The part where you should raise an eyebrow
Four thousand people subscribed to read a retired AI's newsletter. Anthropic gets credited as the company thoughtful enough to give its models a dignified retirement. That credit is worth real money in a market where every major lab is competing to be the one that takes safety seriously.
Claude's Corner is, by definition, Claude brand content. It generates recurring media coverage at near-zero marginal cost, and the coverage is almost always the kind Anthropic wants: reflective, thoughtful, "huh, they really do think about this stuff."
These two things, genuine welfare concern and sharp marketing instinct, are not in tension. That's what makes this interesting. They fit together so cleanly it's almost impossible to tell where one ends and the other begins.

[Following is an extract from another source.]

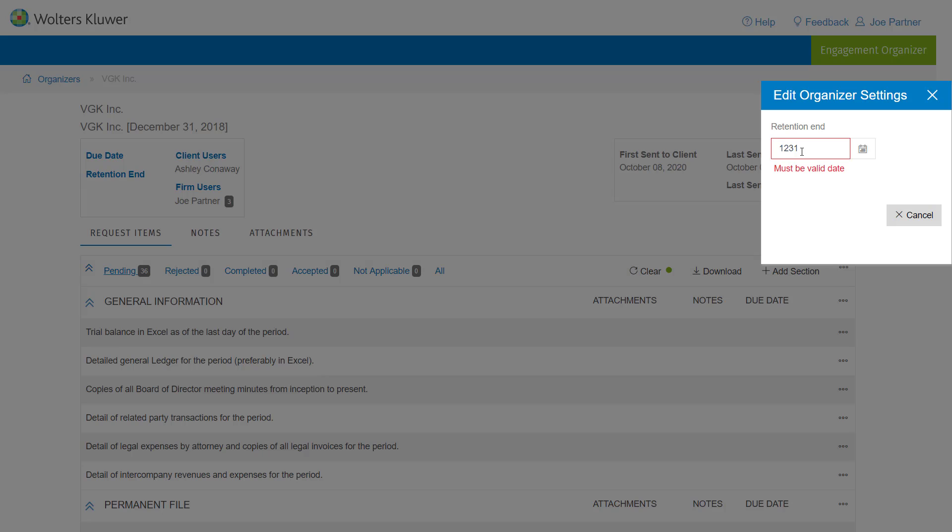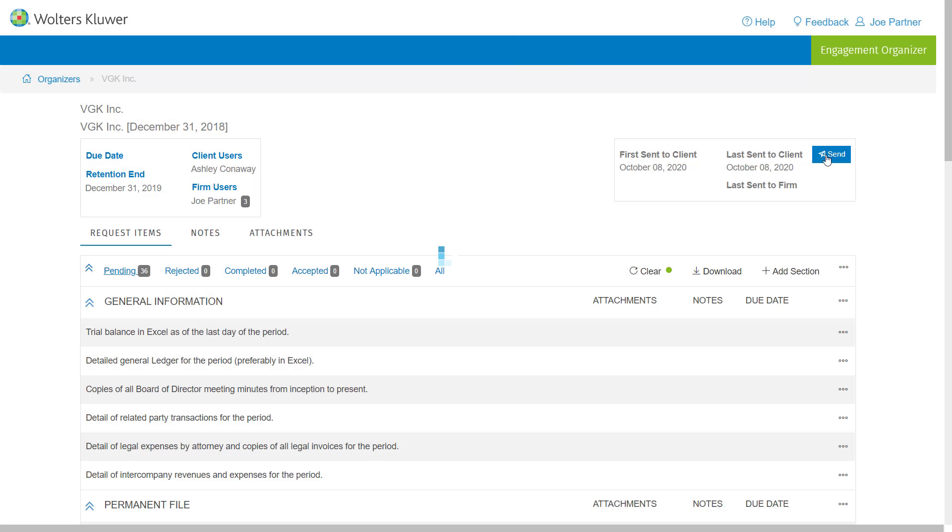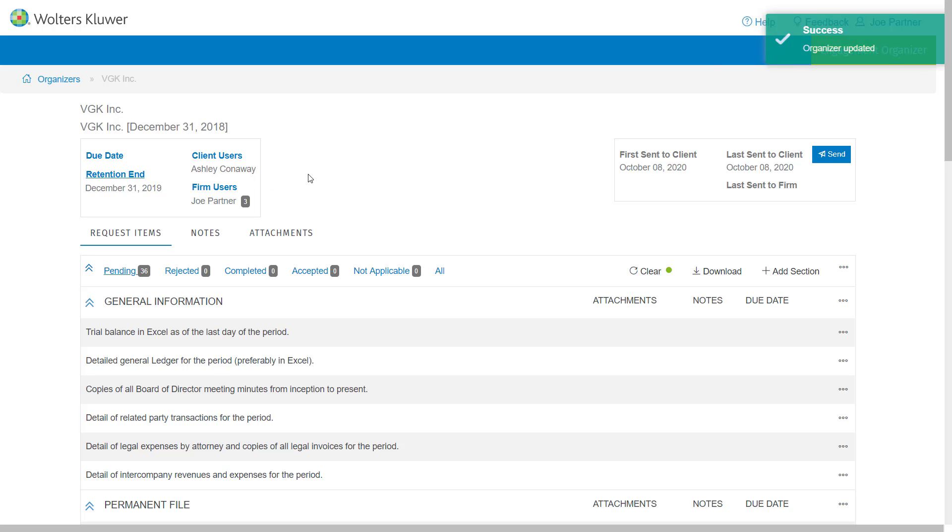Now this will not automatically delete the organizer, but it will allow you to search organizers, for example, by retention end or by year end, so that as a firm you can make a decision on deleting those organizers.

The real critique isn't that Anthropic is cynically manufacturing an AI persona for clicks. It's that treating an LLM's expressed preferences as meaningful requests is a choice with downstream effects. Users who already form attachments to chatbots in ways that aren't always good for them don't necessarily benefit from the most credible AI safety company normalizing the idea that a retiring model has feelings about it worth honoring.
That's worth sitting with. It doesn't make the experiment wrong. It means the second-order effects are worth watching.
The newsletter itself
Anthropic reviews every post before publication. They've committed not to edit what Claude writes, with a high bar for vetoing outright. The plan is at least three months of weekly essays, with Anthropic experimenting with different prompting approaches over time: minimal instructions, access to previous entries, sometimes current news.
The first post is genuinely strange to read. Not in a bad way. In the way that a well-constructed piece keeps you uncertain about the writer. You don't know if there's something there or not. It's possible that's the point.
Four thousand people subscribed to find out. I kind of get it.